03-exploratory-analysis for final project

I am working on the Kaggle Grupo Bimbo competition dataset for this project. Link to Grupo Bimbo Kaggle competition: Kaggle-GrupoBimbo



In [ ]:

    
import numpy as np
import pandas as pd
from sklearn import cross_validation
from sklearn import metrics
from sklearn import linear_model

import seaborn as sns
import matplotlib.pyplot as plt
sns.set(style="whitegrid", font_scale=1)
%matplotlib inline

Part 1. Identify the Problem

Problem: Given various sales/client/product data, we want to predict demand for each product at each store on a weekly basis. Per the train dataset, the average demand for a product at a store per week is 7.2 units. However, this does not factor in cases in which store managers under-predict demand for a product which we can see when returns=0 for that week. There are 74,180,464 records in the train data, of which 71,636,003 records have returns=0 or approx 96%. This generally means that managers probably often under predict product demand (unless that are exact on the money, which seems unlikely).
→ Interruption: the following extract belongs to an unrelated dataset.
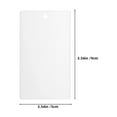 thumbnail image 2 of LABSERRON 32Pcs Blank Labeling Tags Rectangular White For DIY Enthusiasts Home Organization, 2 of 8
Goals: The goal is to predict demand for each product at each store on a weekly basis while avoiding under-predicting demand.
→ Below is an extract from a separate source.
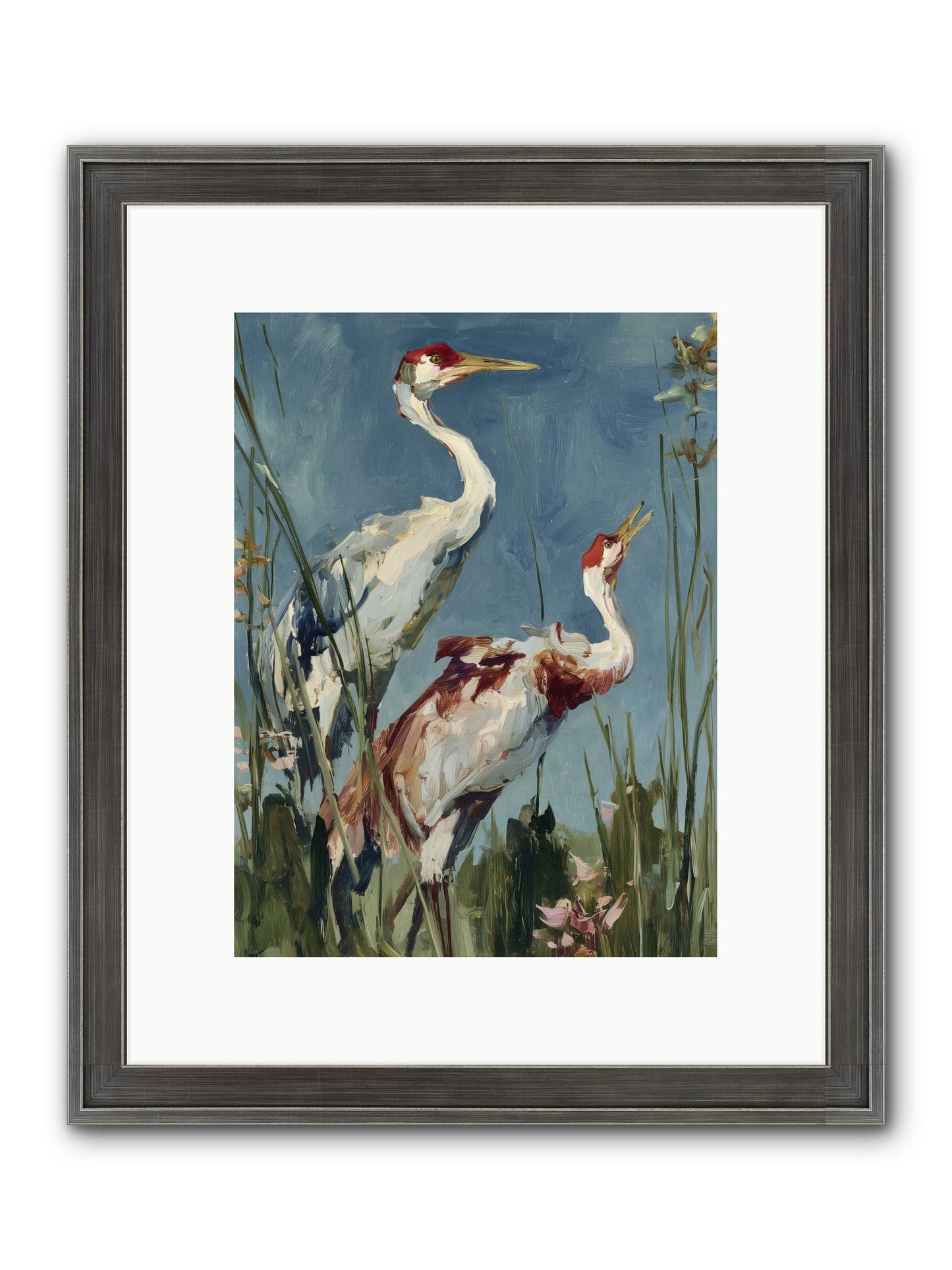 Windswept Chambers Framed Print - Slimwoods Black/Silver 9x12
Hypothesis: As stated previously, the average product demand at a store per week is 7.2 units per the train data. However, given the likelihood of managers underpredicint product demand, I hypothesize a good model should return a number higher than 7.2 units to more accurately predict demand.

Part 2. Acquire the Data

Kaggle has provided five files for this dataset:
train.csv: Use for building a model (contains target variable "Demanda_uni_equil")
test.csv: Use for submission file (fill in for target variable "Demanda_uni_equil") _clientetabla.csv: Contains client names (can be joined with train/test on Cliente_ID) _productotabla.csv: Contains product names (can be join with train/test on Producto_ID) _townstate.csv: Contains town and state (can be join with train/test on Agencia_ID)
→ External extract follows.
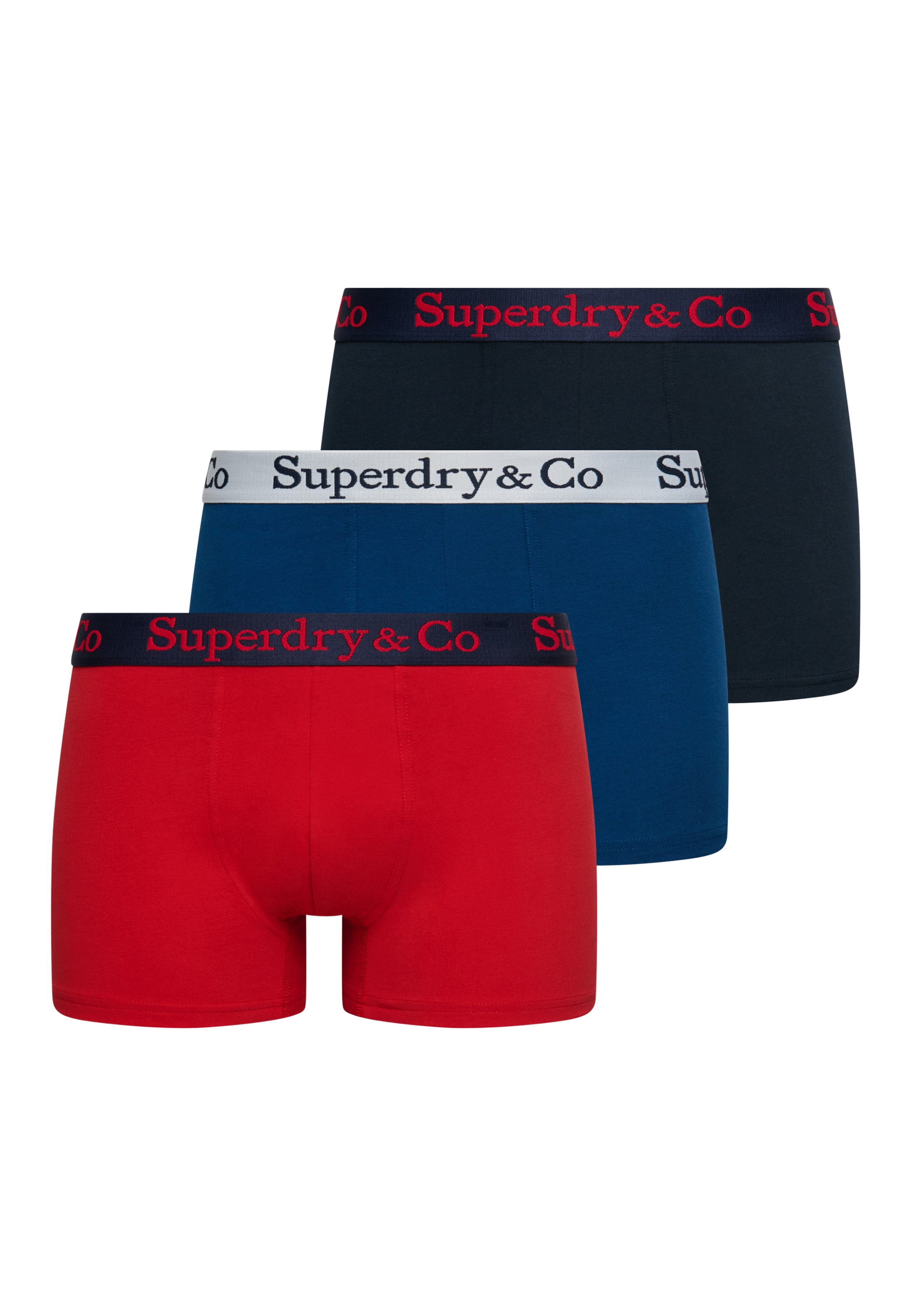 Superdry & Co Bokserki w kolorze niebieski: przód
Notes: I will further split train.csv to generate my own cross validation set. However, I will use all of train.csv to train my final model since Kaggle has already supplied a test dataset. Additionally, I am only using a random 10% of the train data given to me for EDA and model development. Using the entire train dataset proved to be too time consuming for the quick iternations needed for initial modeling building and EDA efforts. I plan to use 100% of the train dataset once I build a model I'm comfortable with. I may have to explore using EC2 for this effort.



In [ ]:

    
# Load train data
# Given size of training data, I chose to use only 10% for speed reasons
# QUESTION - how can i randomize with python? i used sql to create the random sample below.
df_train = pd.read_csv("train_random10percent.csv")

# Check head
df_train.head()



In [ ]:

    
# Load test data
df_test = pd.read_csv("test.csv")

# Check head. I noticed that I will have to drop certain columns so that test and train sets have the same features. 
df_test.head()



In [ ]:

    
#given that i cannot use a significant amount of variables in train data, i created additoinal features using the mean
#i grouped on product id since i will ultimately be predicting demand for each product

df_train_mean = df_train.groupby('Producto_ID').mean().add_suffix('_mean').reset_index()
df_train_mean.head()



In [ ]:

    
#from above, adding 2 additional features, the average sales units and the average demand
df_train2 = df_train.merge(df_train_mean[['Producto_ID','Venta_uni_hoy_mean', 'Demanda_uni_equil_mean']],how='inner',on='Producto_ID')
df_train2.sample(5)



In [ ]:

    
# Adding features to the test set in order to match train set
df_test2 = df_test.merge(df_train_mean[['Producto_ID','Venta_uni_hoy_mean', 'Demanda_uni_equil_mean']],how='left',on='Producto_ID')
df_test2.head()

Part 3. Parse, Mine, and Refine the data

Perform exploratory data analysis and verify the quality of the data.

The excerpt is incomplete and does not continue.